I’m going to have to be sure to stretch a lot beforehand though, because my hips have been completely out of whack lately, like the skeletal/joint equivalent of missing a buttonhole when buttoning a shirt. As such, I am reduced to performing my Old Lady Osteoporosis routine multiple times a day as I contort and bend and lean awkwardly to force my hip to painfully relocate itself into the proper socket position. I’m like Mel Gibson in Lethal Weapon, all wild eyed and grimacing, trying to pop things back into place – only slightly more sane.
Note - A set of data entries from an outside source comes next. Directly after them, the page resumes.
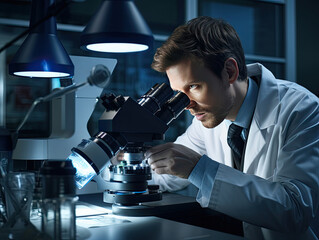 scientist looking through microscope in laboratory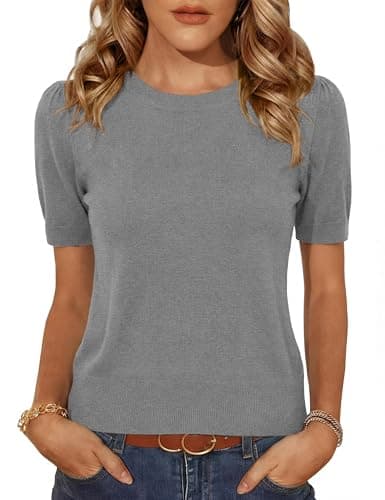 Totatuit Wool Blend Sweaters for Women Trendy Short Sleeve Crop Tops for Women Cute Shirts Summer 2026 Grey L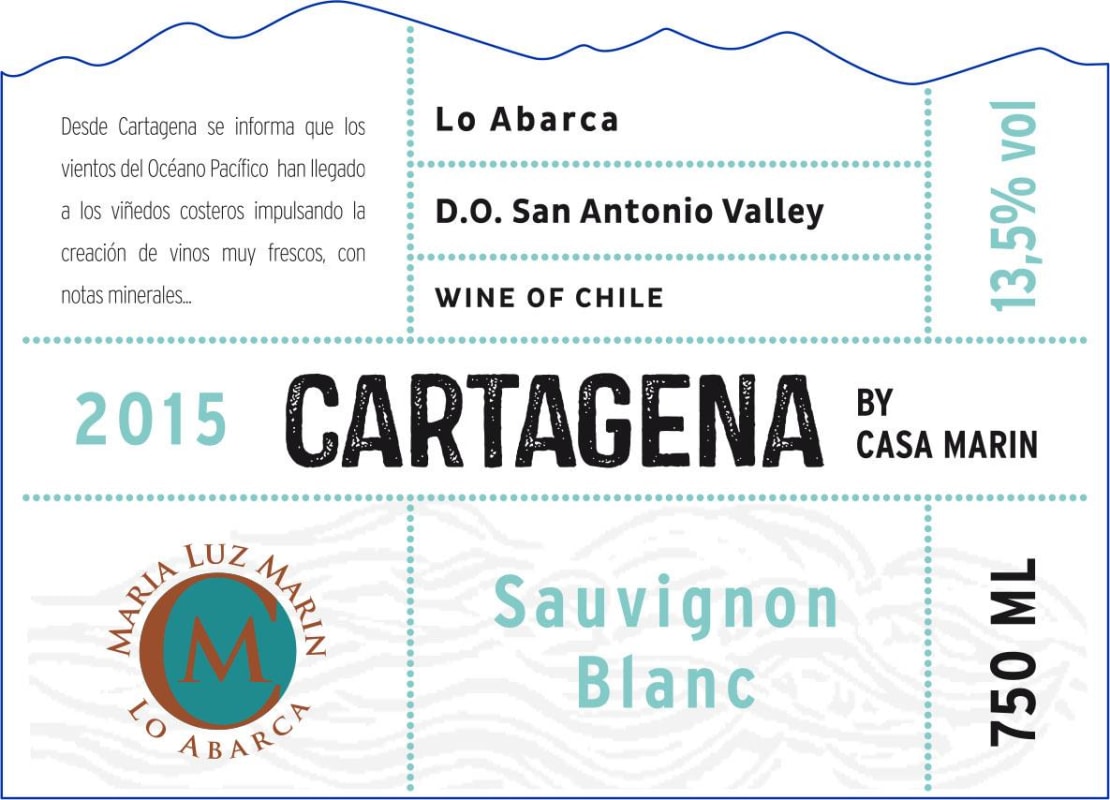 Casa Marin Cartagena Sauvignon Blanc 2015 Front Label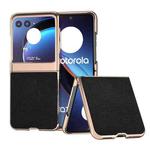 For Motorola Razr 40 Ultra Genuine Leather Mino Series Nano Plating Phone Case(Black)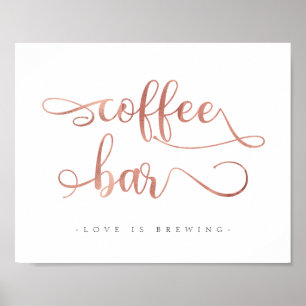 Póster Rótulo del Boda de caligrafía Rosa "Coffee Bar"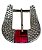 Jogo Fivela Americana Niquel Strass Cristal/ Rosa FM 2114/ 40mm - Imagem 4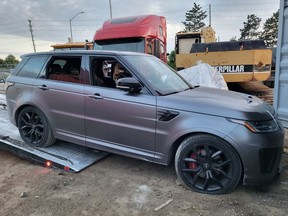 One of three three high-end vehicles OPP officers recovered in Bolton on June 20, 2022, from a shipping container slated to be shipped overseas.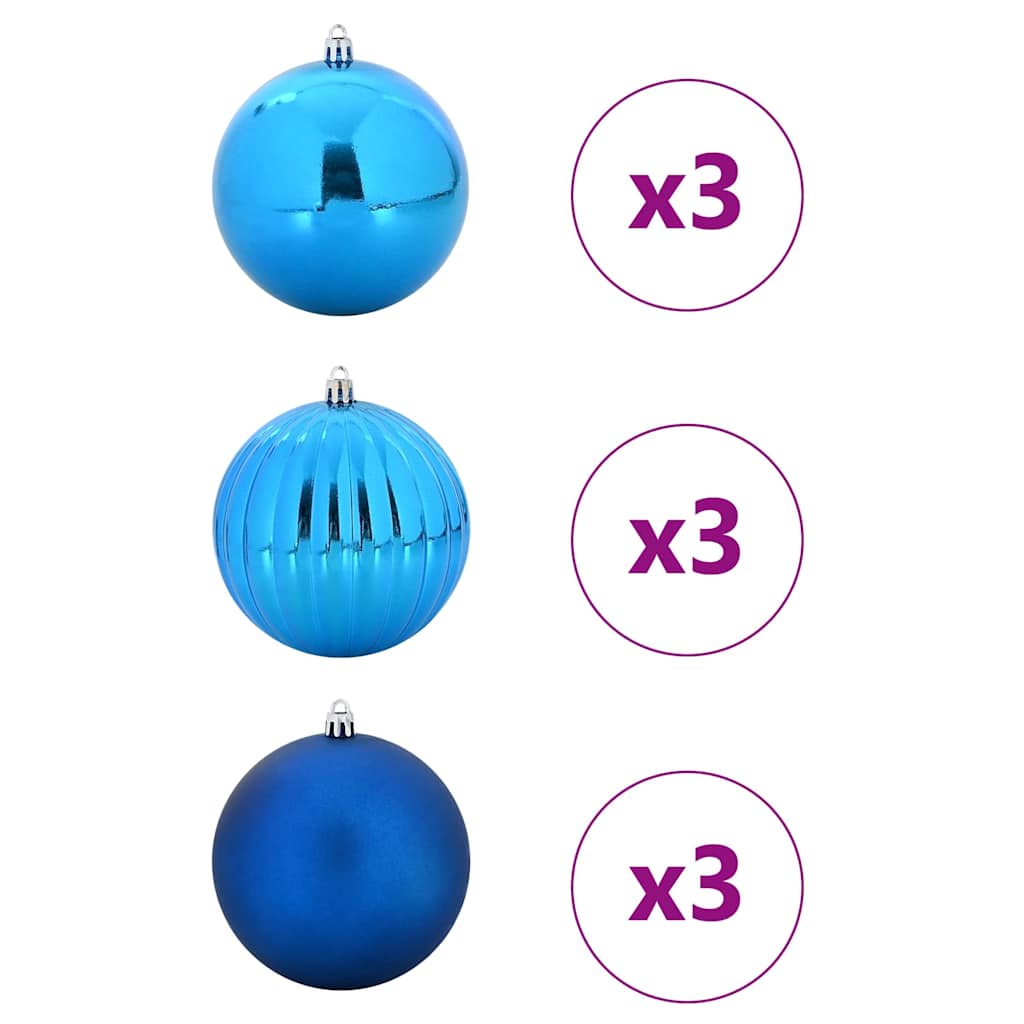 Christmas Bauble Set 9 pcs Blue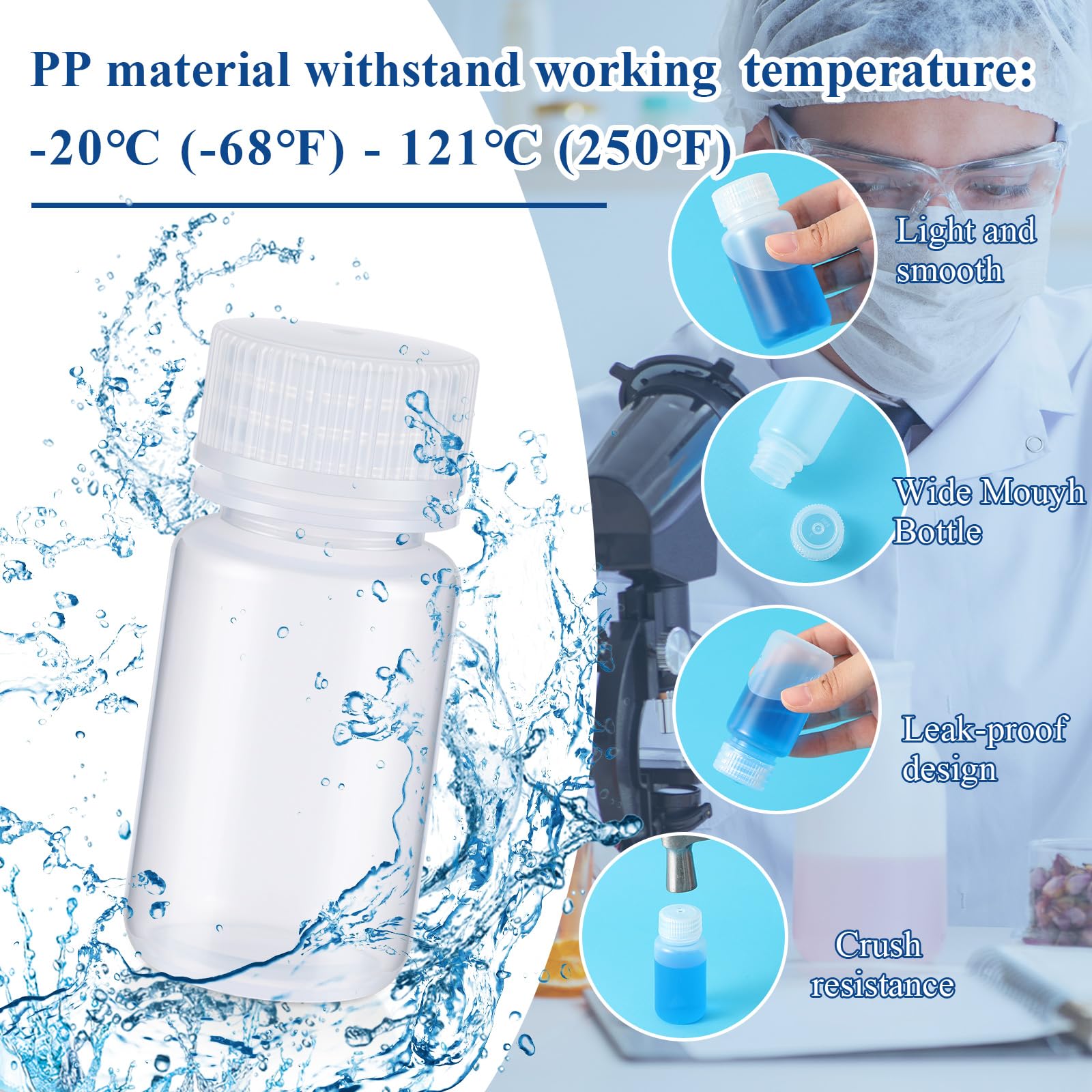 Tatuo 48 botellas de plástico para muestras de píldoras de boca ancha, contenedor de reactivo de laboratorio con tapas, recipiente translúcido de muestra de agua de polipropileno para líquidos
Speaking of sane, or a lack thereof, this work week has made it abundantly clear that it is going to suck. It showed right up on Monday morning, bright and early, and basically announced: Allo. You killed my father. Prepare to die. Today I came in early and worked for five hours without a break while encountering all kinds of epic cliches: a deadline that is technically two weeks away but the boss wants met today, a document that I spent 20 minutes editing only to open later to find it didn’t save any of my changes, 50,000 interruptions, and a printer that partially crumples the corner of every page. My boss and I are wild-eyed shrews taken to shrieking preemptively at people to get out why they still can when they come to ask us questions about non-deadline-related items. There is no Communications Department here today, only Zuul! To top it off, as I went to retrieve a printout from the Crumpling Machine, I stubbed my toe on a nearby table so hard it drew blood.

Forget Murphy’s Law: today is being governed by Murphy’s Angry Group of Vigilantes.